Edited by Barbara Hales, Mihaela Petrescu, and Valerie Weinstein. Rochester, NY: Camden House, 2016. ix + 133 pages + 19 b/w illustrations. $90.00.

Scholars have long recognized the fiction of 1945 as a “Stunde Null,” a zero hour in which German culture supposedly reset the historical clock. As much as this myth of rebirth served a critical function for those seeking to move past National Socialism and toward democracy, it belied the many continuities that shaped the emergence of the postwar state. Far less examined, but no less important, are the continuities that reached from the Weimar period into the early years of Hitler’s regime. Indeed, even as critics have recognized the problem of using 1945 to signal an absolute break, the year 1933 has remained fairly steady in the scholarly imagination as a concrete and decisive turning point.

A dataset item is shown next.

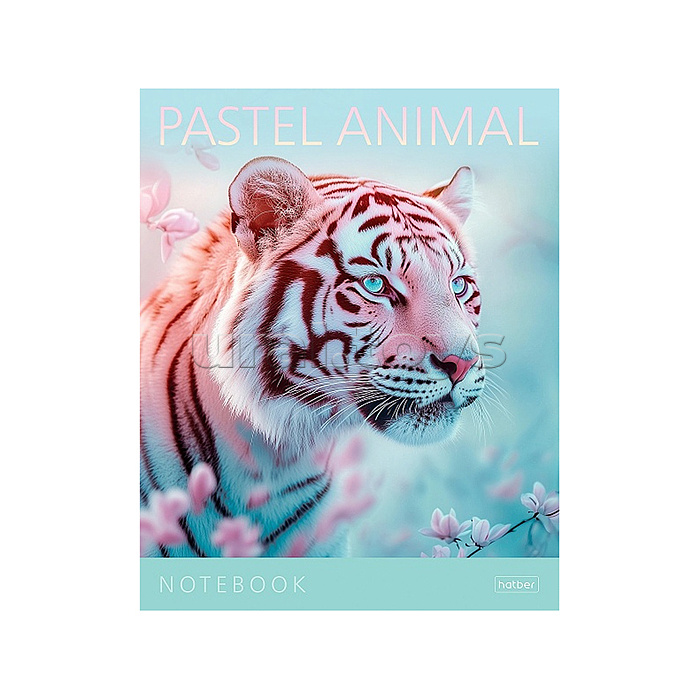Тетрадь 96л. клетка "Pastel Animals" А5, на скобе пластиковая обложка с печатью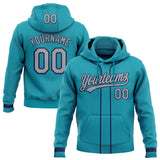 Custom Stitched Teal Gray-Navy Baseball Pullover Sweatshirt Hoodie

There are reasons for this, of course—in 1933, Hitler’s takeover conclusively ended Germany’s first experiment with democracy, and the regime established the first concentration camps, setting in motion a system that would commit unparalleled atrocities. Yet as with the Stunde Null, not all aspects of Weimar culture ceased existing at the precise moment that Hitler took power. As the editors and authors of the fine new volume Continuity and Crisis in German Cinema demonstrate, the years 1928–1936 should be understood as a transitional period. Focusing on select cases from the history of German cinema, the collected essays together craft a picture of a culture marred by deep divisions, myriad inconsistencies, and much moral and cultural gray area. The result is a newly nuanced portrait of the interruptions and interconnections between the film cultures of late Weimar and early National Socialist Germany.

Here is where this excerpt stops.